Emoji, Unicode and Variation Selectors

Keith Vetter - 2024-01-15: Emoji are weird . After initially being ignored by the Unicode Consortium, and they were only adopted in 2007 as part of the Supplementary Multilingual Plane (SMP) [ ]. But being part of the SMP meant that many systems had to be updated to be able to handle them. This includes Tcl which didn't get initial emoji handling until version 8.6.10.

Alas, I'm stuck on version 8.6.9, so I thought I was out of luck in regards to using emoji in my software.

But, Unicode is complicated, and there's an obscure feature called Variation Selectors .

They are 16 combining characters (U+FE00 - U+FE0F) which can change the glyph variant of the preceding character.
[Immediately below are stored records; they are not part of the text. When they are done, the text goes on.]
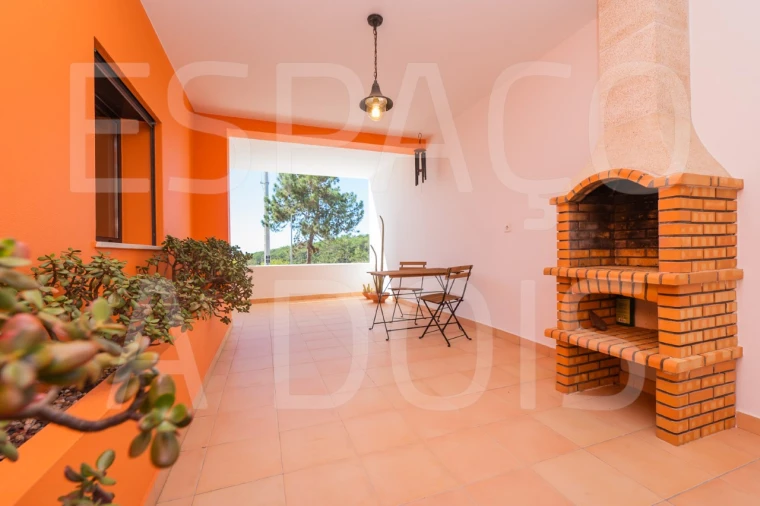 Moradia T4 para Venda em Carvoeira Foto 44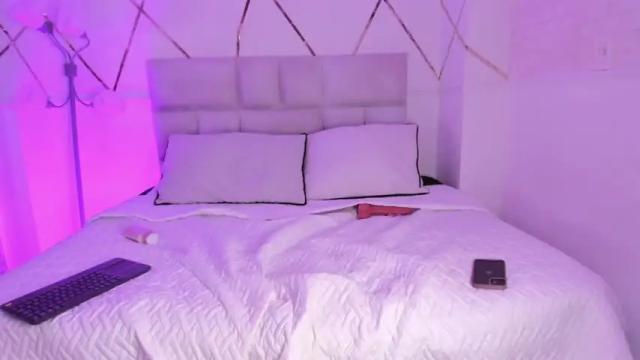 Image 2 of kimberlyquintero_ Stream on Chaturbate on 22 months ago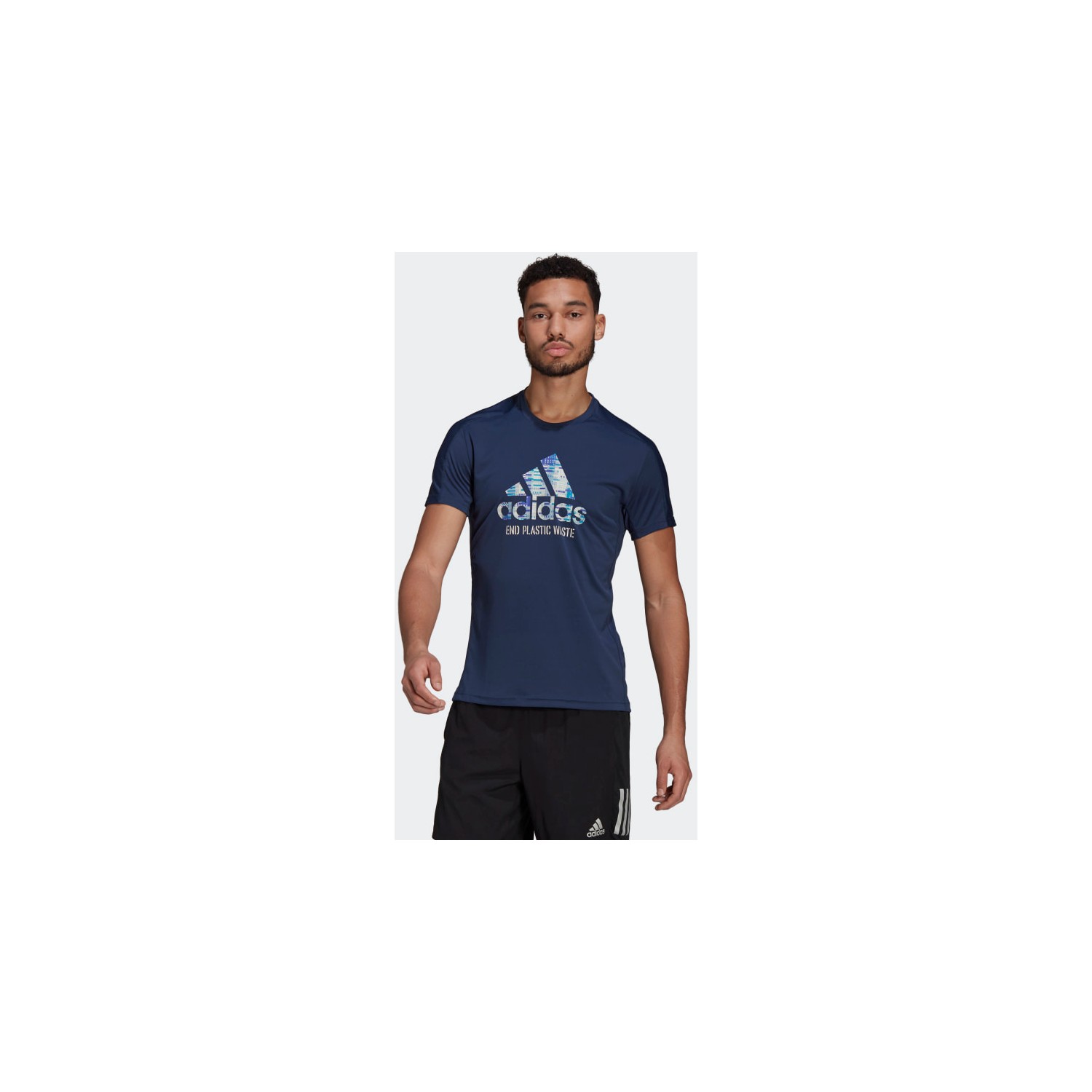 Run For The Oceans Graphic t-shirt Product omschrijving Eigenschappen  Product omschrijving Op de stoep, de paden of de baan verbindt hardlopen  jouw met de aarde. Doe mee met de toezegging van adidas om het te helpen  beschermen. Dit 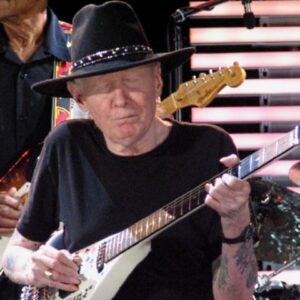 Johnny Winter - Crossroads Festival 2007 (Photo: Sam Mangano)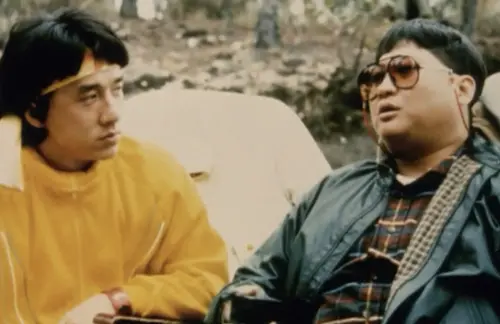  ▲洪金寶（右）與成龍（左）都曾是嘉禾的當家大牌，可是彼此還是有待遇上的差別。（圖／摘自hkmdb）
Variant Selector U+FE0E and U+FE0F are glyph variants text style and emoji style, respectively.

As an example, the character \u25b6 "▶" is "BLACK RIGHT-POINTING TRIANGLE", but \u25b6\uFE0F is an emoji play button (view here) .

Turns out there are over 150 BMP code points which when followed by Emoji Style Variation Selector display as emoji characters. A full list is at https://www.unicode.org/Public/emoji/5.0/emoji-variation-sequences.txt .
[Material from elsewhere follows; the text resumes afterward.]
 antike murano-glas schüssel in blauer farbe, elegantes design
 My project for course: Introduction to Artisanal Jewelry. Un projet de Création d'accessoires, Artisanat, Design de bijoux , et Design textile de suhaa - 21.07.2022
Below is a short program which downloads the master list of emoji-variation-sequences, and displays them--as a table if Tk is loaded or as a text otherwise.

package require Tk
package require http
package require tls
http::register https 443 [list ::tls::socket -tls1 1]
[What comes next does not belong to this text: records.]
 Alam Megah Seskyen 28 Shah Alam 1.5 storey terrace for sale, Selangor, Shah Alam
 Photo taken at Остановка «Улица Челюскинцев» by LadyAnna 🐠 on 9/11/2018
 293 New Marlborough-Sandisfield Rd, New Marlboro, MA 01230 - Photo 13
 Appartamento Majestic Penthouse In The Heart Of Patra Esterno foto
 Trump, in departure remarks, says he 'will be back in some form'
set url https://www.unicode.org/Public/emoji/5.0/emoji-variation-sequences.txt

proc GetEmojiData {url} {
    set token [::http::geturl $url]
    set ncode [::http::ncode $token]
    set data [::http::data $token]
    ::http::cleanup $token
    return $data

proc ExtractCodePoints {emoji_data} {
    # 3299 FE0F  ; emoji style; # (1.1) CIRCLED IDEOGRAPH SECRET
    # 1F004 FE0E ; text style;  # (5.1) MAHJONG TILE RED DRAGON

    set result {}
    foreach line [split $emoji_data \n] {
        if {[string first "emoji style" $line] == -1} continue
        set codepoint [lindex [split $line " "] 0]
        if {[string length $codepoint] > 4} continue
        set n [regexp {\# \([.0-9]+\) (.*)} $line _ name]
        if {$n == 0} {
            puts stderr "could not extract name from '$line'"
        lappend result [list $codepoint $name]
    return $result
proc MakeTreeview {} {
    destroy {*}[winfo child .]
    set headers [list Raw FE0E FE0F Name]
    set tree ".tree"
    ::ttk::treeview $tree -columns $headers -yscroll ".vsb set" -xscroll ".hsb set" -height 30
    scrollbar .vsb -orient vertical -command "$tree yview"
    scrollbar .hsb -orient horizontal -command "$tree xview"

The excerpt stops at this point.